On Mon, Nov 28, 2016 at 11:26:46AM -0800, kan.liang@xxxxxxxxx wrote:
> Here, all the possible failure cases are listed.
> Terms:
> - new: current PMU counter value which read from rdpmcl.
> - prev: previous counter value which is stored in &hwc->prev_count.
> - in PMI/not in PMI: the event update happens in PMI handler or not.
> Current code to calculate delta:
> delta = (new << shift) - (prev << shift);
> delta >>= shift;
>
> Case A: Not in PMI. new > prev. But delta is negative.
> That's the failure case of Test 2.
> delta is s64 type. new and prev are u64 type. If the new is big
> enough, after doing left shift and sub, the bit 64 of the result may
> still be 1.
> After converting to s64, the sign flag will be set. Since delta is
> s64 type, arithmetic right shift is applied, which copy the sign flag
> into empty bit positions on the upper end of delta.
> It can be fixed by adding the max count value.
>
> Here is the real data for test2 on KNL.
> new = aea96e1927
> prev = ffffff0000000001
> delta = aea96e1927000000 - 1000000 = aea96e1926000000
> aea96e1926000000 >> 24 = ffffffaea96e1926 << negative delta
How can this happen?
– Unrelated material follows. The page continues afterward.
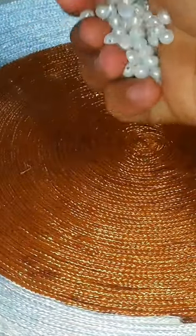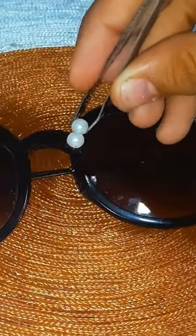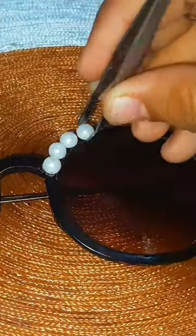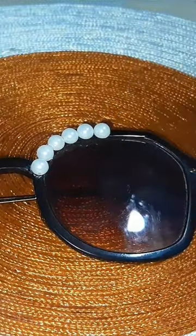Hey! So today I have enhanced my old sunglasses with the help of half cut beads. I have all half cut beads pasted on my sunglasses very quickly. You can paste whatever you want.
IIRC the thing increments, we program a negative
value, and when it passes 0 we generate a PMI.
And note that we _ALWAYS_ set the IN bits, even for !sampling events.
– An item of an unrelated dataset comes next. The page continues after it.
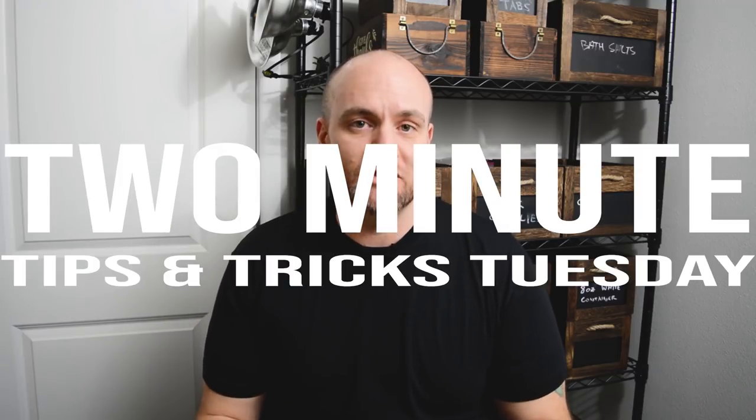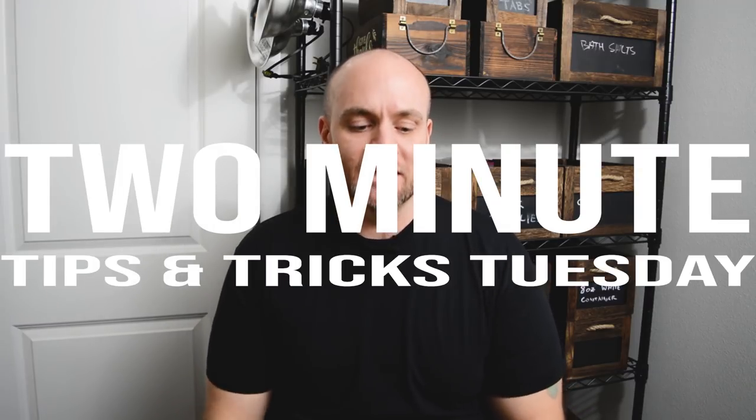What's up everyone? I just wanted to try out a new segment here. I'm thinking about calling it Two-Minute Tips and Tricks Tuesday or something along those lines. Basically just a quick video once a week where we go through and give a quick tip for candle makers — hopefully advanced as well as beginner, but definitely more towards beginner.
Also note we set max_period to (1<<31) - 1, so we should never exceed 31
bits.
> Case B: In PMI. new > prev. delta is positive.
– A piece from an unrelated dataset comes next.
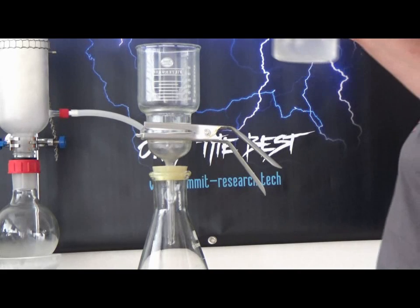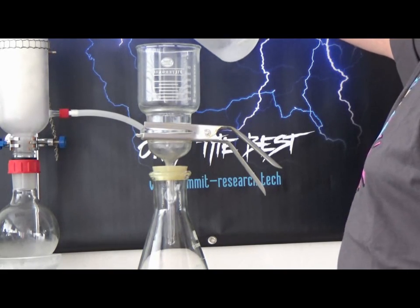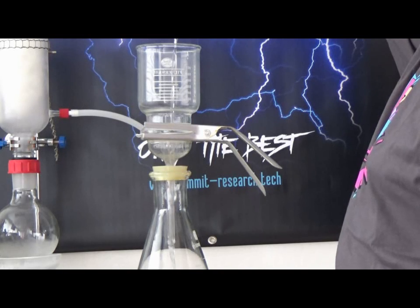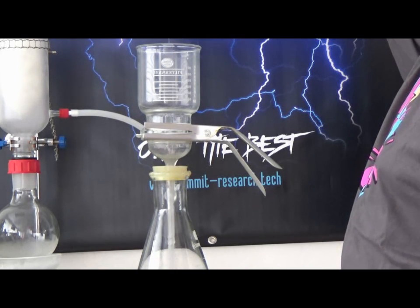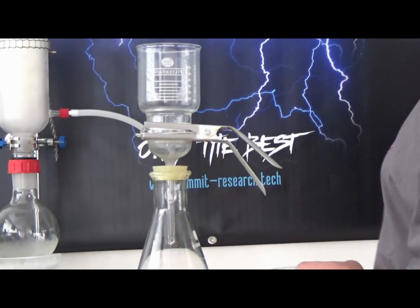We are running about 600 milliliters. That is it, we are done. So that is the speed of roughly 600 milliliters of alcohol through the filter. Now we are going to create a cake and show you how to do that.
> That's the failure case of Test 3.
> The PMI is triggered by overflow. But there is latency between
> overflow and PMI handler. So new has small amount.
> Current calculation lose the max count value.
That doesn't make sense, per the 31bit limit.
> Case C: In PMI. new < prev. delta is negative.
> The PMU counter may be start from a big value. E.g. the fixed period
> is small.
> It can be fixed by adding the max count value.
Doesn't make sense, how can this happen?